NORWALK, Conn. — It is time to take an active role in managing Metro-North as a regional resource. It is clear from recent events that a more comprehensive approach is required. No sooner do we move forward with an infrastructure improvement — $10 million to replace at-risk transformers in Cos Cob — than we get word of failure of another part of the system. There has been a steady stream of news about railroad crossing accidents, weather-related delays, ancient drawbridges that get stuck, derailments, and now, at least two reports criticizing the agency for failing in its most basic obligations to its customers. The string of incidents range from absurd, to disturbing, to tragic.

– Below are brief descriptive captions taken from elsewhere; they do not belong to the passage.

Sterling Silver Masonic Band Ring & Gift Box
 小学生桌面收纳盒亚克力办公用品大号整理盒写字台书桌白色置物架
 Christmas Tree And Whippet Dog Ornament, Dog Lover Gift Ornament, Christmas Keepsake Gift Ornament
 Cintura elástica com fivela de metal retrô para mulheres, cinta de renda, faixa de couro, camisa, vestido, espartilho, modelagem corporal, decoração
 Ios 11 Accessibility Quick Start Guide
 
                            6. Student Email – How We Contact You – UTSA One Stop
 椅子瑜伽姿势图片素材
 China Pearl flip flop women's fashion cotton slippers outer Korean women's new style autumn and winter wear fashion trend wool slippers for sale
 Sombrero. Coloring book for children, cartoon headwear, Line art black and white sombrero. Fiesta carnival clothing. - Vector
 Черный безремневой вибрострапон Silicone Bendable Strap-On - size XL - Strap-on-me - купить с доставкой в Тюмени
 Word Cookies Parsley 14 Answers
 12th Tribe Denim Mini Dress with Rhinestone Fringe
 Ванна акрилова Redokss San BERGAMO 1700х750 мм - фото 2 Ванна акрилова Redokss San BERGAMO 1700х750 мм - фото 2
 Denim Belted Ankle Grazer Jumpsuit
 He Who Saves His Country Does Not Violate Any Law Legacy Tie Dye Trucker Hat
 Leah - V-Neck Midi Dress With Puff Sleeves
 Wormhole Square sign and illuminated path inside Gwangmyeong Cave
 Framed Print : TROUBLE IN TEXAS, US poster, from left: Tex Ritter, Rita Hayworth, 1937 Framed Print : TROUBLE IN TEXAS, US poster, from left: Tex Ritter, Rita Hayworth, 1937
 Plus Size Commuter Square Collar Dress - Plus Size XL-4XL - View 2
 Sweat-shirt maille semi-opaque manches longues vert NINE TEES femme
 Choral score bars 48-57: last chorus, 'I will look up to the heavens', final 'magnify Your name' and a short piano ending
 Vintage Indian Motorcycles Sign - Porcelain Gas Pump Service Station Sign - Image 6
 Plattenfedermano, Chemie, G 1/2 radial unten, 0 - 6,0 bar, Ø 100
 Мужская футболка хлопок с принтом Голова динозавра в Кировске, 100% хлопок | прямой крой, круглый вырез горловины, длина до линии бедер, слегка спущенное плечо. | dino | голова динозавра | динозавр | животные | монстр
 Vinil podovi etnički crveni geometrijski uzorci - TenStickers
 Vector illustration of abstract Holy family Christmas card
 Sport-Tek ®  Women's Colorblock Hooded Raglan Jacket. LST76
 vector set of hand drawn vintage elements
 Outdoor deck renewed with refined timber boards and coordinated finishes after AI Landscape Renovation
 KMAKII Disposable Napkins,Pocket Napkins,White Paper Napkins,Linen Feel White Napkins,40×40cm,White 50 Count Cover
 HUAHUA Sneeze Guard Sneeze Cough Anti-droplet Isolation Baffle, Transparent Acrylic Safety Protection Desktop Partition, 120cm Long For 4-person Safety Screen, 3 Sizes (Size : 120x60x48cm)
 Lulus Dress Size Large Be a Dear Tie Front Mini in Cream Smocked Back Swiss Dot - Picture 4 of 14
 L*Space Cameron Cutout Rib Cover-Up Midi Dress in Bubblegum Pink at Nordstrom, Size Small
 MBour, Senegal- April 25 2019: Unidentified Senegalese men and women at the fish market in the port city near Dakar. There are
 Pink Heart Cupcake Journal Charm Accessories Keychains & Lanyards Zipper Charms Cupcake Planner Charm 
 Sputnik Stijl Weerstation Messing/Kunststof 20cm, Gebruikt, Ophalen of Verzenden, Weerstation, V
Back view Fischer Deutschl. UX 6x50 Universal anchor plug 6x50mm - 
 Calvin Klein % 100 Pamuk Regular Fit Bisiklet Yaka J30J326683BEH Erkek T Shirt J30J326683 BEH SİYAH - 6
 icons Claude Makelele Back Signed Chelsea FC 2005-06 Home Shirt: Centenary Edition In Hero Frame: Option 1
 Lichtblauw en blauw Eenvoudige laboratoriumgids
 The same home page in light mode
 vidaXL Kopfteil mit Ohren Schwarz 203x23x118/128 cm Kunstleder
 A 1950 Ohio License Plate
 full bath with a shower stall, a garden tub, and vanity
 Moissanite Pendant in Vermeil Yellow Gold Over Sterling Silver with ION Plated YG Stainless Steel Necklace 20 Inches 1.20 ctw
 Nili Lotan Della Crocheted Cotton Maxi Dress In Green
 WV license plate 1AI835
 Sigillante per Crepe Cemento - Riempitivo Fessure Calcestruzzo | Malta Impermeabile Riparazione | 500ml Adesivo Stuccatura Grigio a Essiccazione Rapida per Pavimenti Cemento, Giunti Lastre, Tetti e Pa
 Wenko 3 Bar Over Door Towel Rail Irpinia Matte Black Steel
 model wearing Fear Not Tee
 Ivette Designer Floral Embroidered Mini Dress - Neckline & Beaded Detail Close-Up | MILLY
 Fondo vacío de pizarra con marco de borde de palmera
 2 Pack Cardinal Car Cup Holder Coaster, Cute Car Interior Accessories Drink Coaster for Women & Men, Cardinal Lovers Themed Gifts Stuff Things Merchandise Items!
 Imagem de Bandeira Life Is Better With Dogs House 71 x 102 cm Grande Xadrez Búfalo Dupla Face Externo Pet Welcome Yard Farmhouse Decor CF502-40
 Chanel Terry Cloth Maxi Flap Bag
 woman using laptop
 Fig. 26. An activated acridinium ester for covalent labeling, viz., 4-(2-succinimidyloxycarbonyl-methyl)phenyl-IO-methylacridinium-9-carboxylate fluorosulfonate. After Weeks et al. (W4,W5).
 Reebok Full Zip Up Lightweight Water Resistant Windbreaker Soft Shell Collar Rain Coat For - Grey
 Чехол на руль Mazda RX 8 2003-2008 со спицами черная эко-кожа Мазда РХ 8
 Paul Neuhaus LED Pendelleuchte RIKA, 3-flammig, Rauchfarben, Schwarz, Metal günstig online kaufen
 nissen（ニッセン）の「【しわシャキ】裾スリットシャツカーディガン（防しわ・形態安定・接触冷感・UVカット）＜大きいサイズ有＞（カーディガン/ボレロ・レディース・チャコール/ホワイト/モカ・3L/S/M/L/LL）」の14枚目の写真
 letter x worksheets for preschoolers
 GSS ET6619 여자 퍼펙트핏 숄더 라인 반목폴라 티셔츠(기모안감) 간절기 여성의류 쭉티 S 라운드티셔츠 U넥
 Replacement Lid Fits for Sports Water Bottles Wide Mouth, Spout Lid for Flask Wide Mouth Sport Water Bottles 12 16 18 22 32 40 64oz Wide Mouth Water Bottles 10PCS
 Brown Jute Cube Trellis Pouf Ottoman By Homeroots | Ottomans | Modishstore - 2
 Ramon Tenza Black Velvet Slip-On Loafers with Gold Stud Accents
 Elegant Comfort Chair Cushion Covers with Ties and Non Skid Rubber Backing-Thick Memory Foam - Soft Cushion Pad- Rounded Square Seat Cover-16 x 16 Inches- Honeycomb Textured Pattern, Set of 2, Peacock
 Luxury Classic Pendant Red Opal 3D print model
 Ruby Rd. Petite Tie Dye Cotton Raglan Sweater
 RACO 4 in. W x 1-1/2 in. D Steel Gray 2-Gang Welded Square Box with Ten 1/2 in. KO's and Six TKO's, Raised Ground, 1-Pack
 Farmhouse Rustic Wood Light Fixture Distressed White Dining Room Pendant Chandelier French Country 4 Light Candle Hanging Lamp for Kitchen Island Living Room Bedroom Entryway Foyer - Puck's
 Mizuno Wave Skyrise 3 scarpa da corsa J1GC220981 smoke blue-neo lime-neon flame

The absurd: Last year, technicians pulled the wrong plug, killing power to computers that control train signals from Grand Central Terminal. Fifty trains came to a stop and their riders were stuck in the cars or at stations for two hours before the railroad slowly restored rail traffic operations. The highly touted new M8 rail cars are getting far less mileage between breakdowns than expected, leading to crowded conditions as cars are taken out of service for repair.
The disturbing: Last winter, a train full of commuters was stranded without power or heat for over two hours near Westport, while switch problems delayed a train that had been dispatched to rescue them. Service was disrupted for over a week when the agency took a substation offline for a large maintenance project, only to have the feeder cable fail to the backup substation.
The tragic: A commuter train derailed near Fairfield and side-swiped a train traveling in the opposite direction, injuring dozens of passengers. Four riders were killed in a derailment caused by a train traveling at 80 mph around a 30 mph curve. Preventable track worker deaths occurred in two separate incidents in the last year alone.
Connecticut owns the tracks, trains, the overhead lines and the stations. Metro-North is a contractor that is operating the railroad on our behalf. The contract between Metro-North and Connecticut’s Department of Transportation should impose specific performance standards on Metro-North, and should include ongoing reporting and monitoring of performance. As a state representative, I will work to add performance and safety evaluations to the contract and bring transparency to reporting so commuters can judge for themselves how well Metro-North is doing.
We must also take a hard look at investing in the infrastructure. Commuters already pay almost 60 percent of the operating costs of the railroad through fare collections, the highest contribution in the country, which is why we must make the best use of federal transportation funds, such as the $349 million the state is currently seeking to replace the century-old railroad swing bridge in Norwalk and $245 million to modernize the communication system. Prioritizing these investments with a long-term regional plan will allow us to spend limited funds in ways that will have the most impact on improving safety, service and economic vitality throughout the system, and will make Metro-North a byword for efficiency.
Metro-North is a vital part of our regional economic health, and until recently, had an enviable safety record. Much of what has gone wrong can be put right. With a comprehensive approach to transportation planning in the region, the railroad can regain its former reputation as a safe and efficient transport system and support economic development. It could, and should, help lure businesses to Connecticut, and become a central part of the planning and development for destination cities and towns along the system. Stations can be embassies for local tourism and opportunities for thriving commerce and community.
Former Norwalk Town Clerk Andy Garfunkel is a Democratic candidate for the state House of Representatives in the 142nd District.